DATA PROVIDED:

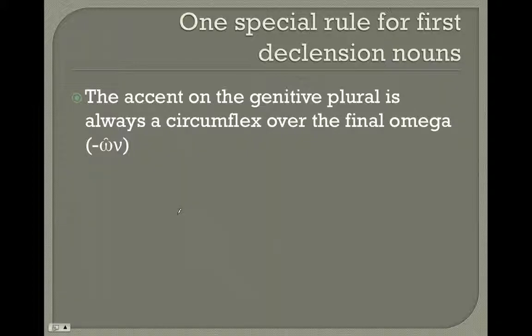Now, let me add one thing that will make at least one case very easy for you. The accent on the genitive plural is always a circumflex over the final omega. Every first declension noun in the genitive plural will end in that pattern. Whether it's doxon — teachings, fame, glory — or thalaton — of the seas — it doesn't matter where the accent started. In thalata it started on the alpha, but in the genitive plural it will be on the omega. Good luck!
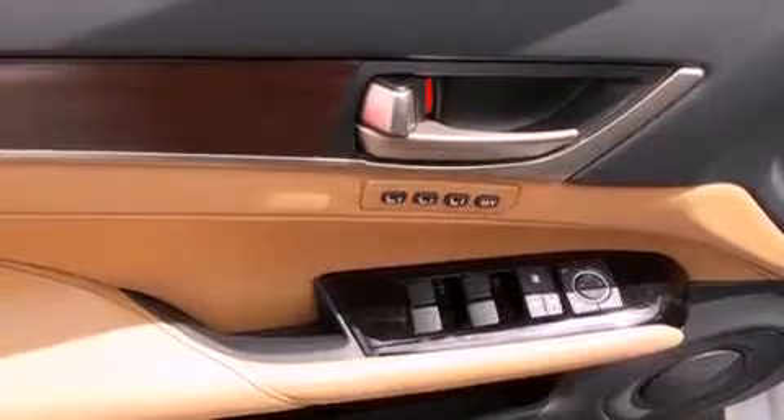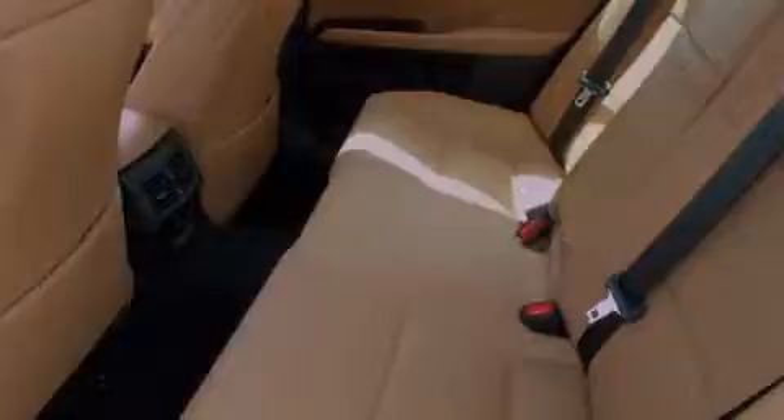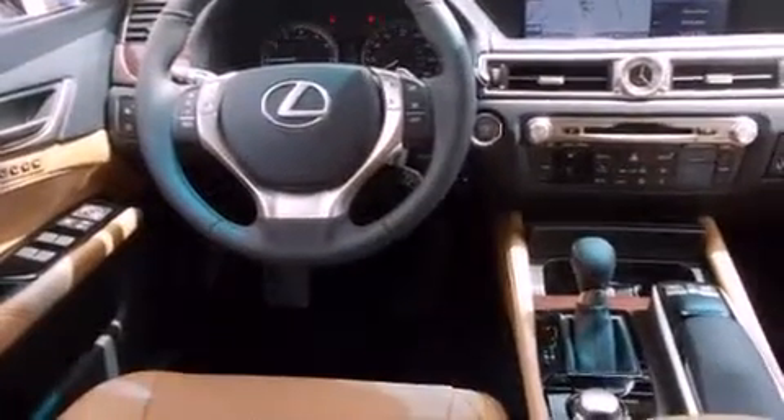The following features are also included: a steering wheel with memory settings, air conditioning with automatic climate control, cruise control, a CD player, and a leather-wrapped steering wheel.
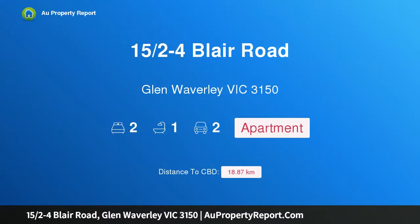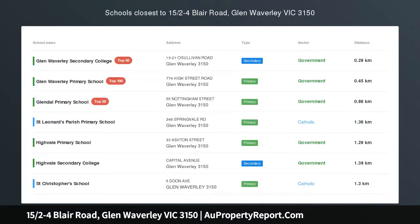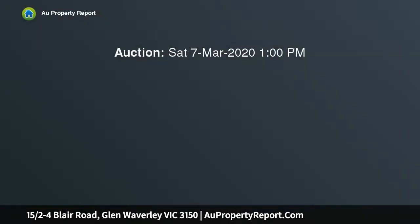Hi, I am glad to introduce property 15.5-4 Blair Road, Glen Waverley, Victoria, 3150. Walk to The Glen and within GWSZ, STSA.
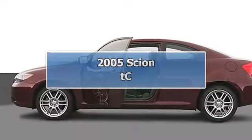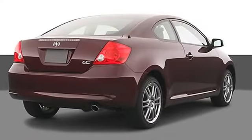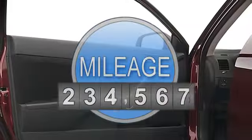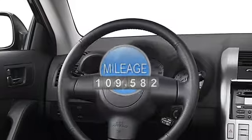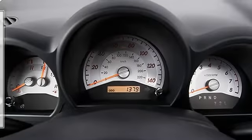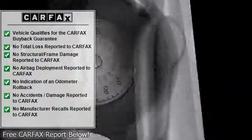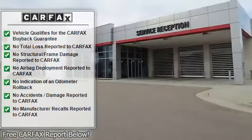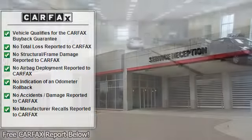This 2005 Scion TC 2-door manual hatchback features a 2.4L DOHC MFI 16V I4 engine with variable valve, gasoline. It is equipped with a manual transmission. The vehicle is super white. Contact Toyota Sales at 608-243-5500 or toyota.mgr@penskeautomotive.com for more information.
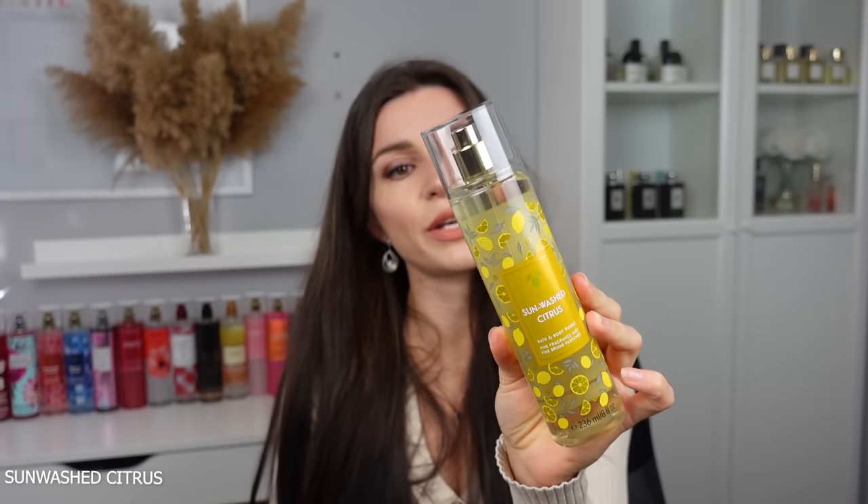Sun Washed Citrus has sugared lemons, mandarin, and agave nectar. This took me by surprise — I'm not typically impressed by citrus scents, but this was such a happy scent. I wore it a few mornings and it gave me a zing of life. It doesn't smell like a typical body mist — more like sugared lemons in a beautiful fragrant way. Very uplifting, very happy, and quite long-lasting. I got around a two-hour mark. I'm ranking it at the very top.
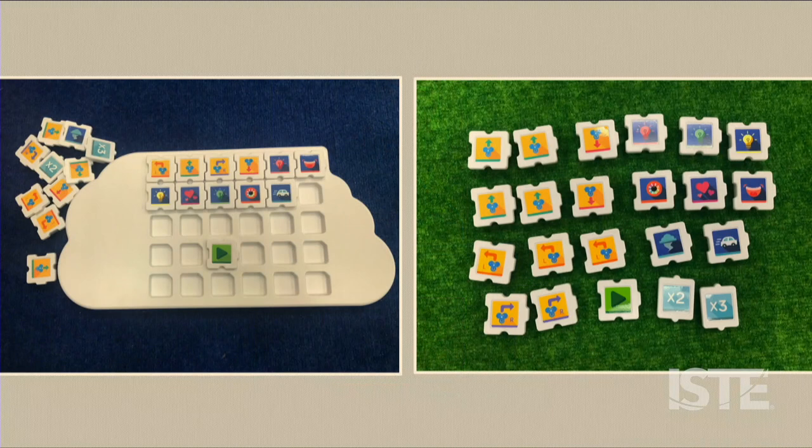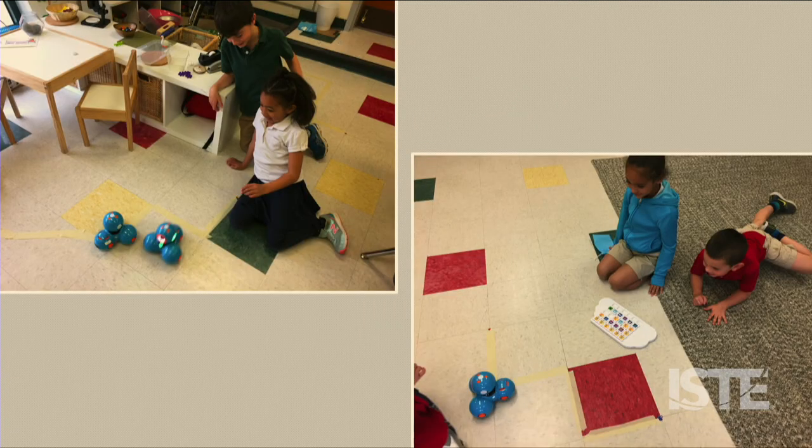Dash robots can be programmed with apps, but for young students, Puzzlet trays are a great option. The trays come with tiles that represent the different actions Dash can do. The child creates a sequence of instructions by placing the tiles into the tray, which the robot performs when the green play tile is inserted. The tiles can make Dash move, turn, light up with different colors, laugh, spin, and even make kissing sounds — which four-year-olds typically find both hilarious and totally gross.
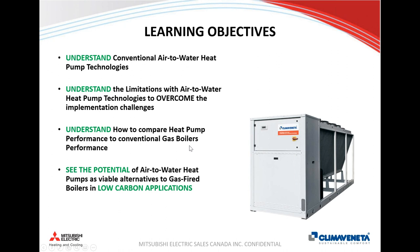For learning objectives today, I hope everyone leaves this session understanding generally the conventional air-to-water heat pump technologies — how they work, how they can be implemented into your next designs, and also understanding the limitations with air-to-water heat pumps to factor that into your design process to overcome implementation challenges. I also want everyone to understand how to compare operating costs for conventional gas boilers to air-to-water heat pumps, and see the potential of using this technology as an alternative to traditional gas-fired boilers in low-carbon applications.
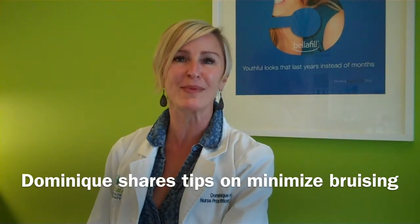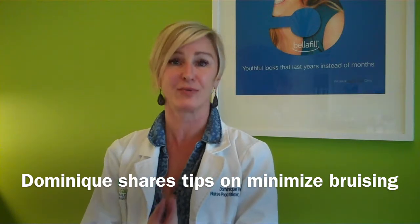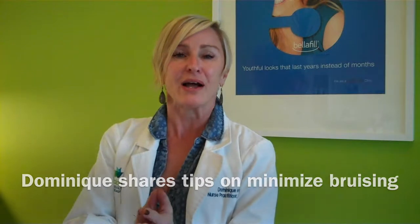Hi, my name's Dominique Well from Well Medical Arts, and I'm going to teach you how to decrease and hopefully prevent bruising and swelling today. I noticed that some people are swellers and some people are bruisers. You usually don't know who's who until you actually get out there and do it.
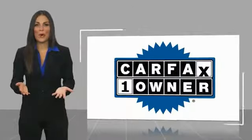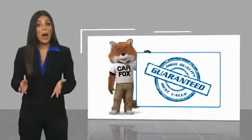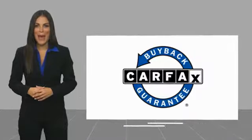This is a one-owner vehicle with a Carfax vehicle history report. Be sure to find a complimentary copy of this report online or contact the dealership. This vehicle qualifies for the Carfax buyback guarantee.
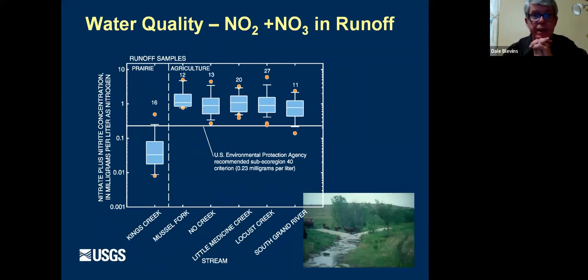Nitrate is the dissolved fraction of nitrogen — most readily available to algae and stream biota, like fertilizer to them. It also most contributes to hypoxia in the Gulf of Mexico. Prairie streams show a drastic decrease — just a few hundredths of a milligram per liter compared to agricultural streams at around 1 milligram per liter. If we had enough prairie watershed, we could expect a big decrease in hypoxia in the Gulf of Mexico.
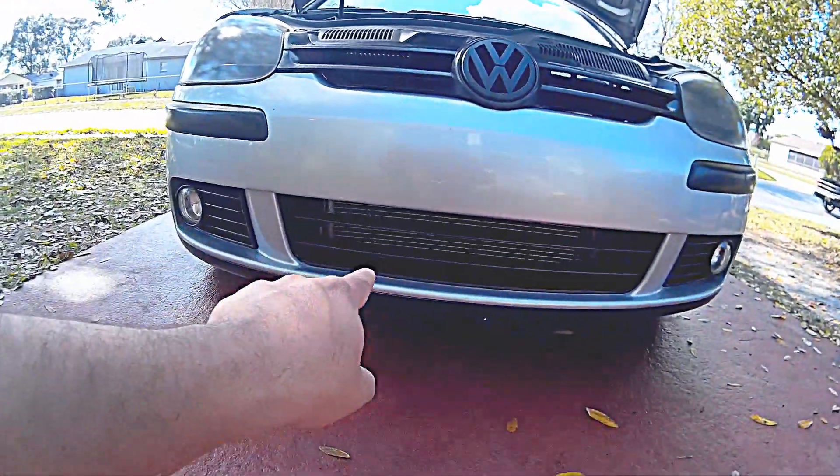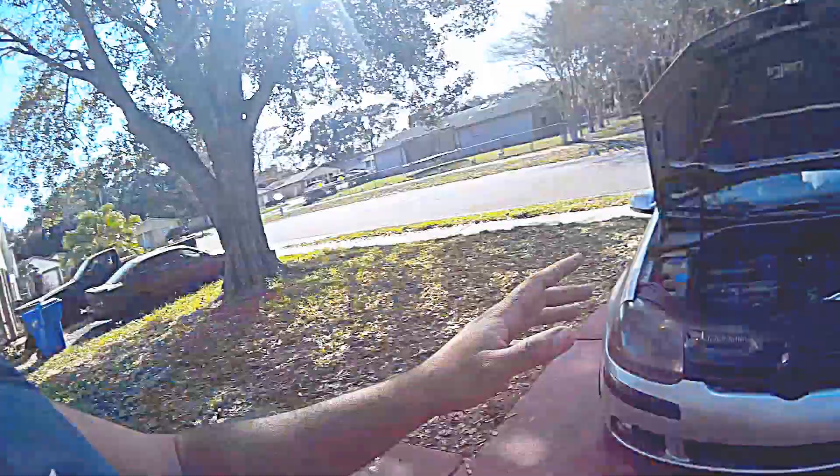Prepare yourselves for this part. The AC condenser was bent — most likely because the previous owner had a collision. I didn't have the tools or knowledge to fix it, so I had a mechanic do it. It also needed a new AC compressor. That alone was about $900.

WORK REQUIRED:
Your answer must contain the full data, repeated exactly, without pictures.

SOLUTION FOR THIS TASK:
Now, let me add one thing that will make at least one case very easy for you. The accent on the genitive plural is always a circumflex over the final omega. Every first declension noun in the genitive plural will end in that pattern. Whether it's doxon — teachings, fame, glory — or thalaton — of the seas — it doesn't matter where the accent started. In thalata it started on the alpha, but in the genitive plural it will be on the omega. Good luck!
The following features are also included: a steering wheel with memory settings, air conditioning with automatic climate control, cruise control, a CD player, and a leather-wrapped steering wheel.
Hi, I am glad to introduce property 15.5-4 Blair Road, Glen Waverley, Victoria, 3150. Walk to The Glen and within GWSZ, STSA.
This 2005 Scion TC 2-door manual hatchback features a 2.4L DOHC MFI 16V I4 engine with variable valve, gasoline. It is equipped with a manual transmission. The vehicle is super white. Contact Toyota Sales at 608-243-5500 or toyota.mgr@penskeautomotive.com for more information.
Sun Washed Citrus has sugared lemons, mandarin, and agave nectar. This took me by surprise — I'm not typically impressed by citrus scents, but this was such a happy scent. I wore it a few mornings and it gave me a zing of life. It doesn't smell like a typical body mist — more like sugared lemons in a beautiful fragrant way. Very uplifting, very happy, and quite long-lasting. I got around a two-hour mark. I'm ranking it at the very top.
Dash robots can be programmed with apps, but for young students, Puzzlet trays are a great option. The trays come with tiles that represent the different actions Dash can do. The child creates a sequence of instructions by placing the tiles into the tray, which the robot performs when the green play tile is inserted. The tiles can make Dash move, turn, light up with different colors, laugh, spin, and even make kissing sounds — which four-year-olds typically find both hilarious and totally gross.
For learning objectives today, I hope everyone leaves this session understanding generally the conventional air-to-water heat pump technologies — how they work, how they can be implemented into your next designs, and also understanding the limitations with air-to-water heat pumps to factor that into your design process to overcome implementation challenges. I also want everyone to understand how to compare operating costs for conventional gas boilers to air-to-water heat pumps, and see the potential of using this technology as an alternative to traditional gas-fired boilers in low-carbon applications.
Hi, my name's Dominique Well from Well Medical Arts, and I'm going to teach you how to decrease and hopefully prevent bruising and swelling today. I noticed that some people are swellers and some people are bruisers. You usually don't know who's who until you actually get out there and do it.
This is a one-owner vehicle with a Carfax vehicle history report. Be sure to find a complimentary copy of this report online or contact the dealership. This vehicle qualifies for the Carfax buyback guarantee.
Nitrate is the dissolved fraction of nitrogen — most readily available to algae and stream biota, like fertilizer to them. It also most contributes to hypoxia in the Gulf of Mexico. Prairie streams show a drastic decrease — just a few hundredths of a milligram per liter compared to agricultural streams at around 1 milligram per liter. If we had enough prairie watershed, we could expect a big decrease in hypoxia in the Gulf of Mexico.
Prepare yourselves for this part. The AC condenser was bent — most likely because the previous owner had a collision. I didn't have the tools or knowledge to fix it, so I had a mechanic do it. It also needed a new AC compressor. That alone was about $900.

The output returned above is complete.